What’s this got to do with product management?
Business strategy as it is studied in business schools around the world is about trying to understand what worked at great companies, successful companies, profitable companies and apply it to your own company. The way this is done is no different to any other social science discipline. It involves a lot of observation, data crunching and then the extraction of general principles. From this, for example, we’re taught that the best companies practice certain forms of management, such as management via outcomes, and don’t practice others such as micro-management (yep, we’ve all had those managers in our time, they make life difficult). So product management is part and parcel of this process. Great companies make great products. Shortly after, successful academics and professors move in to study what made them great and their practice gains currency across multiple contexts. With the proliferation of media such as this one and other blogs etc. often the professors and academics get cut out and so the usual academic rigour is missing from analysis which makes the findings that much more problematic.
As a result of the above process, we have a range of different frameworks, ways of working, methodologies, and processes that we’re told will lead to leaner, quicker and more iterative product delivery. All we need to do is read the right books and blogs and watch the right YouTube videos (like this one and this one from Spotify) and you’re ready to go.

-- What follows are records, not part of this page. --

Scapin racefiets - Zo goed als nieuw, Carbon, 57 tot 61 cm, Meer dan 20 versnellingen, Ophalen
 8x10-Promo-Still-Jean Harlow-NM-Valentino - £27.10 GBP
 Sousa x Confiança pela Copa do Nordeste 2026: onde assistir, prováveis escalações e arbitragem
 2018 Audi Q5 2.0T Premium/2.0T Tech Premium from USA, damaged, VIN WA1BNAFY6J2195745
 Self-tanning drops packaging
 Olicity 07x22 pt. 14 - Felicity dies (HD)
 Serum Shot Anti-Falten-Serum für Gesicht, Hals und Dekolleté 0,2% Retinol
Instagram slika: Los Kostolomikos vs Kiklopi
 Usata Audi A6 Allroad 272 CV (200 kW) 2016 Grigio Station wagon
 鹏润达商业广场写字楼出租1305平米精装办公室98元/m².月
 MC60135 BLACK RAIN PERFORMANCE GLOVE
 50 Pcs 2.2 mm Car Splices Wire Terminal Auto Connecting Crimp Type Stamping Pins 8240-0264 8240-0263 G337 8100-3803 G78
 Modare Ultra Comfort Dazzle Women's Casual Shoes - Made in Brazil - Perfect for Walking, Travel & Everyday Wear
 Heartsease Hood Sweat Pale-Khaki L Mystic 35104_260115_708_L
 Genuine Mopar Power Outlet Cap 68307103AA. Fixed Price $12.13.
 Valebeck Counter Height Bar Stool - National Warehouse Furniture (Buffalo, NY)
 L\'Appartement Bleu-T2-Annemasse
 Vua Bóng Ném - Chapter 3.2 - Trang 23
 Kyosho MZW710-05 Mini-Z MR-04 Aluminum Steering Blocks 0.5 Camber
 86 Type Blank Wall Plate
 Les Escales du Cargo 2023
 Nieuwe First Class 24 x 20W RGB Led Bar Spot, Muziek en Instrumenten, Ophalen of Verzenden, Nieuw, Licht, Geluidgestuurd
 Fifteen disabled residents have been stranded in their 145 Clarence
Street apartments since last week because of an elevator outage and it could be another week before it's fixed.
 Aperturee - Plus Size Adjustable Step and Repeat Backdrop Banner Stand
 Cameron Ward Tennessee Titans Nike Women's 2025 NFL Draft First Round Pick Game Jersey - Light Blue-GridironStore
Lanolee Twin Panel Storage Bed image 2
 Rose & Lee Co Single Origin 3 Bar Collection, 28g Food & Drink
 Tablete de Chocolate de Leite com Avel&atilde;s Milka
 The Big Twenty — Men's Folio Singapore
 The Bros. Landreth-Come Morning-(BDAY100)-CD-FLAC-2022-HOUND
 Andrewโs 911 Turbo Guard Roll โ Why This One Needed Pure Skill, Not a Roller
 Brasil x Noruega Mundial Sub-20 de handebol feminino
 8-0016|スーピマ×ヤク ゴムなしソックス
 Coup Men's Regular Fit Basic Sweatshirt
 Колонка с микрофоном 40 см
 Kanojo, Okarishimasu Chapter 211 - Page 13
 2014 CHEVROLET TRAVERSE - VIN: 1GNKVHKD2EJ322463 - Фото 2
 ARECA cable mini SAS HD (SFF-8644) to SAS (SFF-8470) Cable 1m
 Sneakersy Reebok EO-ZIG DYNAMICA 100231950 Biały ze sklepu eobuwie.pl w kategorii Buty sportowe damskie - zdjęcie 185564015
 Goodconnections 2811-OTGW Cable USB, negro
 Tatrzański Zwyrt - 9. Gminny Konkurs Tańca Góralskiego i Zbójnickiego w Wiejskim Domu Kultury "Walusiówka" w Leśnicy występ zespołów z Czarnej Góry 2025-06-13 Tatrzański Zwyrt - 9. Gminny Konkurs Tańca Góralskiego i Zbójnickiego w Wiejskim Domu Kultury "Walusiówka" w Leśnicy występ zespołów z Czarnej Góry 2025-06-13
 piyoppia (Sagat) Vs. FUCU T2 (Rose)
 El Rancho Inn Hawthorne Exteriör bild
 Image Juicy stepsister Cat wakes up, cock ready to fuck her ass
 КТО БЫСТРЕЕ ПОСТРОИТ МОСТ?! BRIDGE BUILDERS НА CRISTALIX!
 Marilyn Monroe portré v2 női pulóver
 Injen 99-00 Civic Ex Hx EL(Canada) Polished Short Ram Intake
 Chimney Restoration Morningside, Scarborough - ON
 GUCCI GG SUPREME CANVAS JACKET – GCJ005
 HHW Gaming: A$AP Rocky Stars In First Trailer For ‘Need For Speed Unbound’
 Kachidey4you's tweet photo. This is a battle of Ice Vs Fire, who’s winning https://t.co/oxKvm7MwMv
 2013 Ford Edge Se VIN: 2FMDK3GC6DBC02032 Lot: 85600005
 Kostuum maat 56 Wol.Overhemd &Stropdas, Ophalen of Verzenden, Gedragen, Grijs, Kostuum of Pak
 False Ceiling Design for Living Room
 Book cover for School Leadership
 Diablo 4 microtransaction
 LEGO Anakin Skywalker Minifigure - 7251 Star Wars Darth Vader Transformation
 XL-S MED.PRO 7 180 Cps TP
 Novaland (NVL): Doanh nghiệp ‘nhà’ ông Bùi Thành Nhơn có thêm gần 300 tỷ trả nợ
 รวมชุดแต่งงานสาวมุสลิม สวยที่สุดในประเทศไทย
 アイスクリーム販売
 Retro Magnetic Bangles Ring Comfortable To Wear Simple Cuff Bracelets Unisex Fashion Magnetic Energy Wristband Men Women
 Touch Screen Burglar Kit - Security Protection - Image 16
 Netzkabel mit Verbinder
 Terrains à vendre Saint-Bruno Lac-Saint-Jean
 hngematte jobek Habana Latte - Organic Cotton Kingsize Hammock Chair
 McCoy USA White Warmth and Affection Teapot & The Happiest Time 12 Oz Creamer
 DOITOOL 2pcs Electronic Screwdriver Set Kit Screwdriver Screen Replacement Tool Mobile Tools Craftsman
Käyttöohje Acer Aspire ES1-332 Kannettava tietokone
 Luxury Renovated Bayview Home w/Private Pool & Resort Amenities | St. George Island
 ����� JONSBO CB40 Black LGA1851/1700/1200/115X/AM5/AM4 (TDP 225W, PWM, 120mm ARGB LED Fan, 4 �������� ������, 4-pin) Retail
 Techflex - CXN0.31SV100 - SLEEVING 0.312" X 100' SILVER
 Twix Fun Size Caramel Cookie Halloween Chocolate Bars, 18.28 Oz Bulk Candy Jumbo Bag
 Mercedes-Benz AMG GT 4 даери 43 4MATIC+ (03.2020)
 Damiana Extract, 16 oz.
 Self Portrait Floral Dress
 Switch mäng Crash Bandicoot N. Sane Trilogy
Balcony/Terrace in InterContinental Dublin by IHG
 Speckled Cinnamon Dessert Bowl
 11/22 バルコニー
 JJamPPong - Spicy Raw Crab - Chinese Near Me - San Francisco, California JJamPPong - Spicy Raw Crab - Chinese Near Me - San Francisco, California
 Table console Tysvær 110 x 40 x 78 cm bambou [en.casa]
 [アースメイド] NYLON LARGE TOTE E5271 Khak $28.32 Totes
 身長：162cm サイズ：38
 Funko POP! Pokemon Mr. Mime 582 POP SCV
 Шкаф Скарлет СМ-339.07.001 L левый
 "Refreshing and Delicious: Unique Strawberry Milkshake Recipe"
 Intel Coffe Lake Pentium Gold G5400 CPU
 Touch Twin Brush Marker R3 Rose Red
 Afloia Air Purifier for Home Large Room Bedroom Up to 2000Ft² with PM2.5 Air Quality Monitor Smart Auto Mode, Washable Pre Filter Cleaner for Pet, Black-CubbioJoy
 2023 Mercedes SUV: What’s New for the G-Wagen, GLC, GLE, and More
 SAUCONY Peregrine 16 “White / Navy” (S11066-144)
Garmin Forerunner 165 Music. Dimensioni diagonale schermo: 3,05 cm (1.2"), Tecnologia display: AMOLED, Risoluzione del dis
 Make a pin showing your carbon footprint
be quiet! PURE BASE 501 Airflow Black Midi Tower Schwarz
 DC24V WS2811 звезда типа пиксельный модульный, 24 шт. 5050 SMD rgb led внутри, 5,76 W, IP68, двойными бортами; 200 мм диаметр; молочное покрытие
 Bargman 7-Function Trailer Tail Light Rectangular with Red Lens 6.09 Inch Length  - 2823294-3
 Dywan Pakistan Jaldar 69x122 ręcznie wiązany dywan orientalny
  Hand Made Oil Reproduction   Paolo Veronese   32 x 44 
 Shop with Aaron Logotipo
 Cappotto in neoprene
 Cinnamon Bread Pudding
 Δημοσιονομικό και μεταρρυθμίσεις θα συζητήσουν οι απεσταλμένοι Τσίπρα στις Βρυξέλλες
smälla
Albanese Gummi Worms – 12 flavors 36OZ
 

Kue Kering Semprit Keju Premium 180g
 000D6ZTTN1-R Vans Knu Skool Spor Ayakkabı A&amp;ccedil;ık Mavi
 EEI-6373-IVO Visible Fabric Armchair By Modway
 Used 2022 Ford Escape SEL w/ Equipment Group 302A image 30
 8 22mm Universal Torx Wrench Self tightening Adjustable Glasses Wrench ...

The problem is, and it is indeed a problem, that humans generally don’t behave the same as other humans. What works in one context often doesn’t work in other contexts. Why is this important? Because it means that rather than simply learning a bunch of frameworks, it’s more important to understand the principles that underlie those frameworks, methodologies or processes. The reason this is important is that it provides for a deeper understanding and hence an ability to try to work out causation in your specific context.
There are a number of implications of the idiosyncratic principle. First and foremost is the necessary humility that goes with adopting any of these. Many organisations stress humility as a defining feature of their corporate culture, and this is a good idea. There’s nothing worse than working with a bunch of folks who have read a few books and blogs and then suggest that what they’ve learnt is the single best way to get anything done.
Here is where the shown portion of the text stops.